Penyaluran kredit BPR/BPRS Kepri per April 2024 mencapai Rp 8,280 miliar dengan kontribusi 5,13 persen terhadap total kredit BPR/BPRS Nasional. "Sektor rumah tangga, konstruksi, serta perdagangan besar dan eceran menjadi sektor dengan penyaluran kredit terbesar," tambahnya.
Pada kesempatan tersebut, Sinar Dananjaya juga menyampaikan isu strategis kepada BPR dan BPRS di Kepri, termasuk kewajiban pemenuhan modal inti minimum sebesar Rp 6 miliar yang harus dipenuhi sebelum 31 Desember 2024.

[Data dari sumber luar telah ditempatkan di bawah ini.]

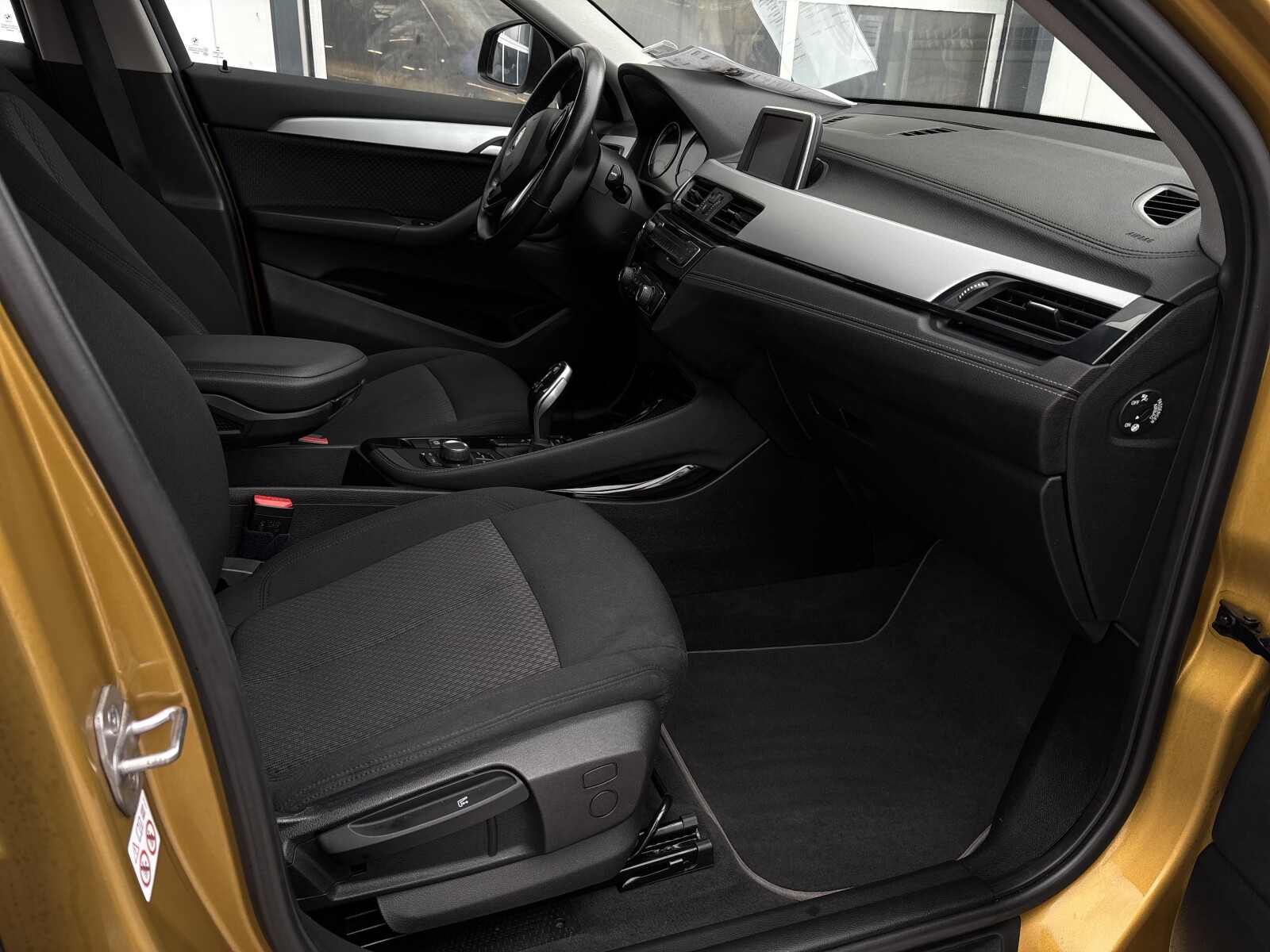 BMW X2 - zdjęcie 9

"Selain itu, perubahan nomenklatur 'Bank Perkreditan Rakyat' menjadi 'Bank Perekonomian Rakyat' dan 'Bank Pembiayaan Rakyat Syariah' menjadi 'Bank Perekonomian Rakyat Syariah' harus diselesaikan dalam waktu maksimal 2 tahun sejak UUP2SK diundangkan," tegas Sinar Dananjaya.
Pada kesempatan yang sama, Patricia, Analis Eksekutif Direktorat Pengaturan Prudensial dan Integritas Sistem Keuangan OJK, menjelaskan bahwa sosialisasi implementasi SAK-EP kepada seluruh BPR/BPRS di Kepri bertujuan untuk meningkatkan pemahaman atas SAK-EP yang akan berlaku efektif pada 1 Januari 2025.
Peralihan dari sistem akuntansi SAK-ETAP ke SAK-EP bertujuan untuk meningkatkan kualitas pencatatan keuangan yang lebih adaptif dan mendukung operasional BPR/BPRS menjadi lebih optimal.
"Ke depan, OJK Provinsi Kepri bersama BPR/BPRS di Kepri akan terus bersinergi memperkuat Industri Jasa Keuangan agar selalu berkontribusi kepada masyarakat dengan tetap mematuhi ketentuan yang berlaku," kata Patricia.